DRIVE: THE FIRST QUARTET by LORNA DEE CERVANTES
WILLIAM ALLEGREZZA reviewsDrive: The First Quartet by Lorna Dee Cervantes
(Wings Press, San Antonio, Texas, 2006)
Sometimes literary works strike so deeply that it’s hard to say much about them except “Look!” Lorna Dee Cervantes’ Drive: The First Quartet is one of those works, but it is even more than that since it contains five smaller books in one, all full of energy, knowledge, excitement, growth, and anger—emotion itself. Just flip through, open this book randomly, and prepare to be awed by the beauty of the words. Take, for example, this excerpt from “Indigenous:”
Indigenous eyes, the hardness
of shale. Indigenous sky,
colorless. Wind wakes
the wanting of the weeds.
Fire frees the founding of the fence.
The sea slays the slicing
of the seasons. Rock
rocks the rocking of rage
into stone. Let it turn you
to salt. Let it lick you into
rapids. Make it see you
into stars.
In this piece, there is no mistaking Cervantes’ mastery of language. She uses her skill with consonance and line breaks to present us with elements transformed, charged, so that they seem full of meaning or knowing, like the simple lines “Wind wakes / the wanting of the weeds.” The weeds and the wind have volition and react to each other, and the poem puts the reader, the you, into a larger charged community than we usually find ourselves. In this piece, as in many in the work, we find out something about ourselves that we already know but have not verbalized.
Moreover, this poet does not stray from conflict; in fact, she’s at the head of the line, like Neruda or Cardenal, rallying the wronged to action. Some of the poems from the beginning section, “‘How Far’s the War?’”, even have similarities with poems in Neruda’s Canto general. For example, Cervantes explores the rape of the people and the land in her poem “Coffee.” Here’s a small bit of it:
In Guatemala the black buzzard
has replaced the quetzal
as the national bird. The shadow
of a man glides across the countryside,
over the deforested plantations; a death
cross burnishes history into myth
as it scours the medicinal land into coffee.
These lines are beautiful, but they evoke action and memory as witness and battle call. One can almost hear Neruda whispering over Cervantes’ shoulder, “I have always preferred a poetry where the fingerprints show. A poetry of loam, where water can sing” (Trans. Margaret Peden). In Cervantes’ work the fingerprints show full of the life that animates them. In the first section alone, she explores besides coffee and banana production, American imperialism, 9/11, and other equally important events. She shows herself to have an ear to the ground, but for her the ground is speaking.
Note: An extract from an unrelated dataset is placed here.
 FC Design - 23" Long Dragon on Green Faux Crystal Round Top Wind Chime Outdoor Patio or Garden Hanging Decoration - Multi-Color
Since Cervantes’ last book of poems, many years have passed, and this book, widely anticipated, was worth the wait. The themes, while ranging wide, strike accurately at the American pulse, and the language itself is symphonic, mesmerizing in its sheer elegance. Cervantes in the “Author’s Note” at the end mentions that she bound the books together in one so that it would be easy “for carrying with you.” That is exactly the type of work this is, one that you want to carry with you into nature, through the season, as a companion and guide.
*****
William Allegrezza teaches and writes from his base in Chicago. His poems, articles, and reviews have been published in several countries, including the U.S., Holland, Finland, the Czech Republic, and Australia, and are available in many online journals. Also, he is the editor of moria, a journal dedicated to experimental poetry and poetics, and the editor-in-chief of Cracked Slab Books. His books include The Vicious Bunny Translations, covering over, Temporal Nomads, Lingo, and Ladders in July.